**What this task involves:**
Keep the pictures out, and restate the listing that follows exactly as written.

**Supplied material:**
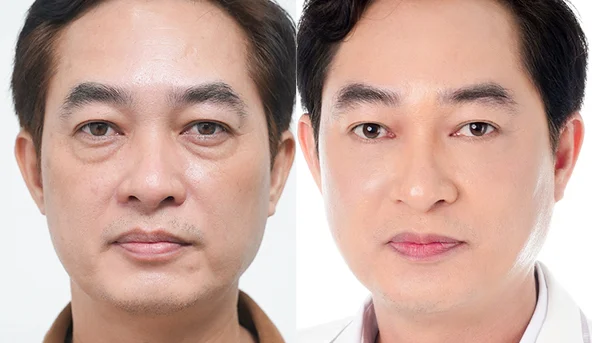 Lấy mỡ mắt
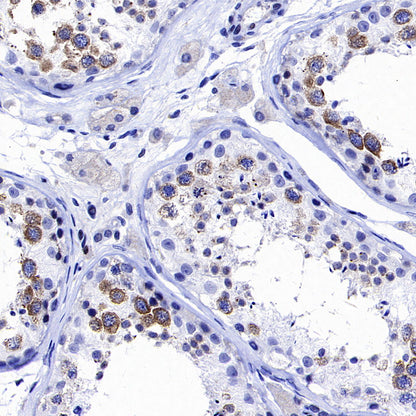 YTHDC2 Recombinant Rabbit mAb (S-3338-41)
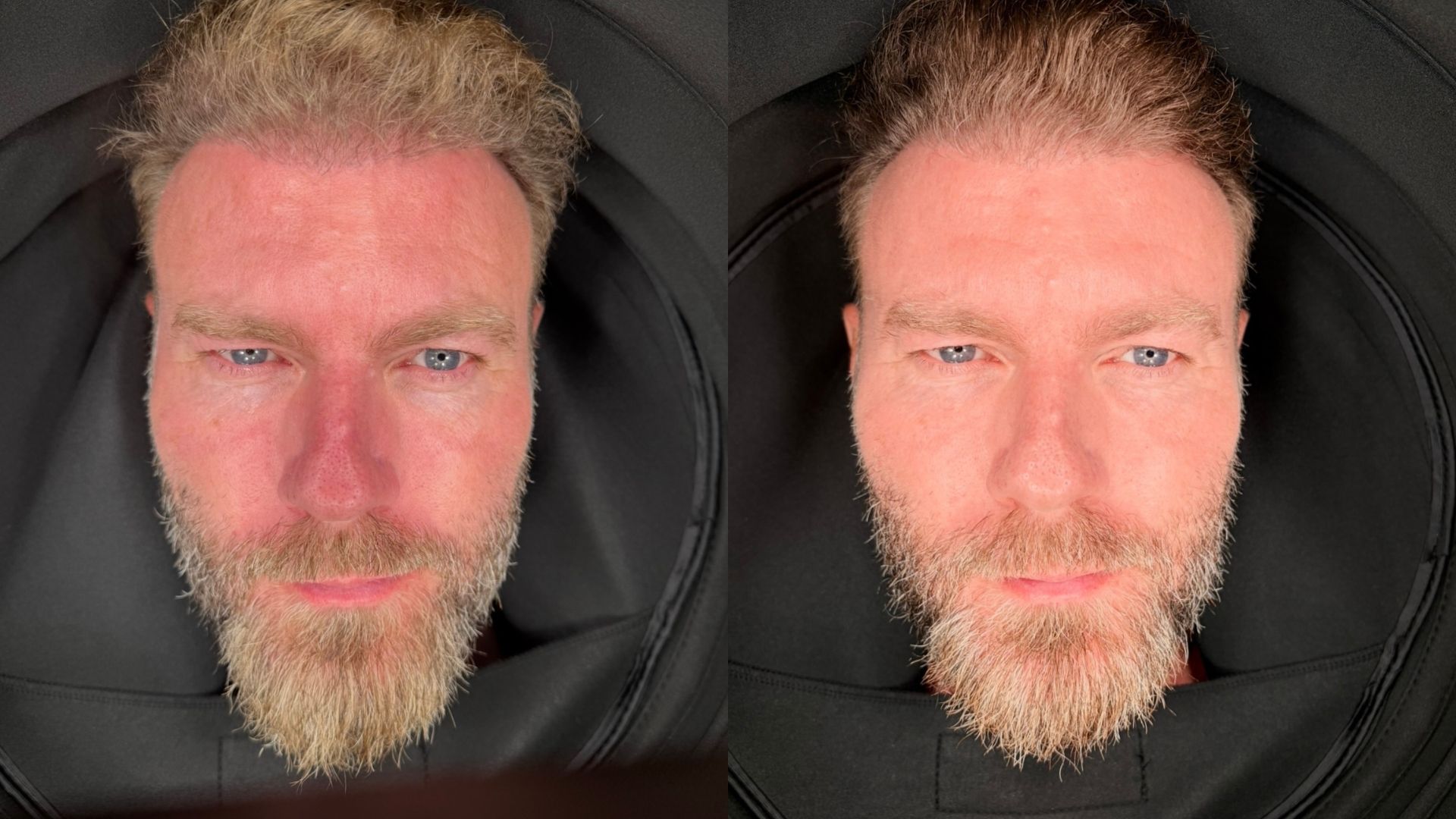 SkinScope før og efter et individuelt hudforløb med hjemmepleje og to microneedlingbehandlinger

**Final answer:**
 Lấy mỡ mắt
 YTHDC2 Recombinant Rabbit mAb (S-3338-41)
 SkinScope før og efter et individuelt hudforløb med hjemmepleje og to microneedlingbehandlinger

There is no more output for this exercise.